The circumstances when these qualities might be called for were spelled out clearly in Besant's introduction to another of India's great classics, the Mahabharata, within which the Bhagavad Gita is set. Of this epic of epochal war between rival contenders for the throne of an ancient kingdom, she writes:

Sometimes a whole nation goes wrong. Then the Gods place in its way a great war, or a famine, or a plague. The nation is gone wrong and must be driven right, or has gone wrong and must suffer, so as not to go wrong again. And the Great War, the story of which we are going to study, was brought about by the Gods, because it was necessary for the evolution of the nation.

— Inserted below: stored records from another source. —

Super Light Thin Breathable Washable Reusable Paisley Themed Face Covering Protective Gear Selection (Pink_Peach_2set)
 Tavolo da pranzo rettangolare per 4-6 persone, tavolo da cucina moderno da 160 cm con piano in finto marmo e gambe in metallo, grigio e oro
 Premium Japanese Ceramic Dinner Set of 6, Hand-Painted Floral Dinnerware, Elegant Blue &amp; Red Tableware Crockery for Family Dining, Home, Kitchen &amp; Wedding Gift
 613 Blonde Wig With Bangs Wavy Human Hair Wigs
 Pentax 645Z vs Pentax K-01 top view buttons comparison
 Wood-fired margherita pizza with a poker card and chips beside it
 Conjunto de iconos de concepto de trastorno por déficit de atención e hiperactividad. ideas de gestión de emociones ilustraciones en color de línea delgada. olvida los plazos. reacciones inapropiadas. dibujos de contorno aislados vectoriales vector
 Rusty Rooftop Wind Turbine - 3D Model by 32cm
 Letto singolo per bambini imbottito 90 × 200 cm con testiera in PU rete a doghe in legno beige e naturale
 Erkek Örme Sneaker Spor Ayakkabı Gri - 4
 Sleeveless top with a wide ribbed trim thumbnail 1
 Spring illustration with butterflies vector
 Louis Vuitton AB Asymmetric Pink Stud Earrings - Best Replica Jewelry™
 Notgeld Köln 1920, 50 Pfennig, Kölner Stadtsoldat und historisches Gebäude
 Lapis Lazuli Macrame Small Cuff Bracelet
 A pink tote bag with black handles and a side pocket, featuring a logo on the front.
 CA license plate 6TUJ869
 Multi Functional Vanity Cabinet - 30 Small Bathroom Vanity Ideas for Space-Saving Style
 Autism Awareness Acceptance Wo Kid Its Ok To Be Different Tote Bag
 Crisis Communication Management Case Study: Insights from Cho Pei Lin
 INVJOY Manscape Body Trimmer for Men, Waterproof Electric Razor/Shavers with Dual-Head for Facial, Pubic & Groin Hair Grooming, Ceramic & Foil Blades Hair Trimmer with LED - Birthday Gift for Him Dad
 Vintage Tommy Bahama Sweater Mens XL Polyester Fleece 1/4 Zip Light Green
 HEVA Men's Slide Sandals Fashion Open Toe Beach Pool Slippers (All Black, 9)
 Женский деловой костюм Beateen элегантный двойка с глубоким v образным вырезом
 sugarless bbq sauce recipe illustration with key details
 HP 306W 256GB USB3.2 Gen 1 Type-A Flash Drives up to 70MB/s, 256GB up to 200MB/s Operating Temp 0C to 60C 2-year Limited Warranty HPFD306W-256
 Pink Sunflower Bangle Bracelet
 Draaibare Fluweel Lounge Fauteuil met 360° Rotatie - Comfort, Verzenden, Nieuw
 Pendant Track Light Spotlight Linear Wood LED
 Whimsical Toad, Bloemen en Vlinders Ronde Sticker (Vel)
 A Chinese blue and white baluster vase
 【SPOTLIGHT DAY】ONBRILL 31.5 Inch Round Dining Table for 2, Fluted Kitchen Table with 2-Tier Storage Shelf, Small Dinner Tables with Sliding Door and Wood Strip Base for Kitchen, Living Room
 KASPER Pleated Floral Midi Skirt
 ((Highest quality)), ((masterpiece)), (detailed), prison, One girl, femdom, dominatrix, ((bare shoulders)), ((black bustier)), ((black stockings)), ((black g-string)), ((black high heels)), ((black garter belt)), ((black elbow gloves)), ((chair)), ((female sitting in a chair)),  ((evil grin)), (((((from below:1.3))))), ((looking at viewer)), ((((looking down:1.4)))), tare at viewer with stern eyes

This passage, undoubtedly written with the then-recent Great War of 1914-18 in mind, reaffirms still more clearly that war can be of evolutionary and even character-building benefit.

In 1940, as another great conflict was underway, the Theosophical Publishing House in Adyar produced a slim volume in the "Besant Spirit Series" called The High Purpose of War. Containing an enthusiastic foreword by George S. Arundale, it offers a collection of passages on this theme culled from her lectures and writings, mainly of course, from the World War I era. She continued:

We, who are servants of the White Brotherhood, who regard Love as the supreme Virtue, and who seek to enter into the Coming Age of Brotherhood and Co-operation, we can but follow the Guardians of Humanity, and work for the triumph of the Allied Powers who represent Right as against Might, and Humanity as against Savagery. The Theosophical Society, the society of the Divine Wisdom, founded by members of the White Brotherhood and Their Messenger in the world, must throw itself on the side which embodies the Divine Will for evolution, the side on which are fighting the super-men of the Day.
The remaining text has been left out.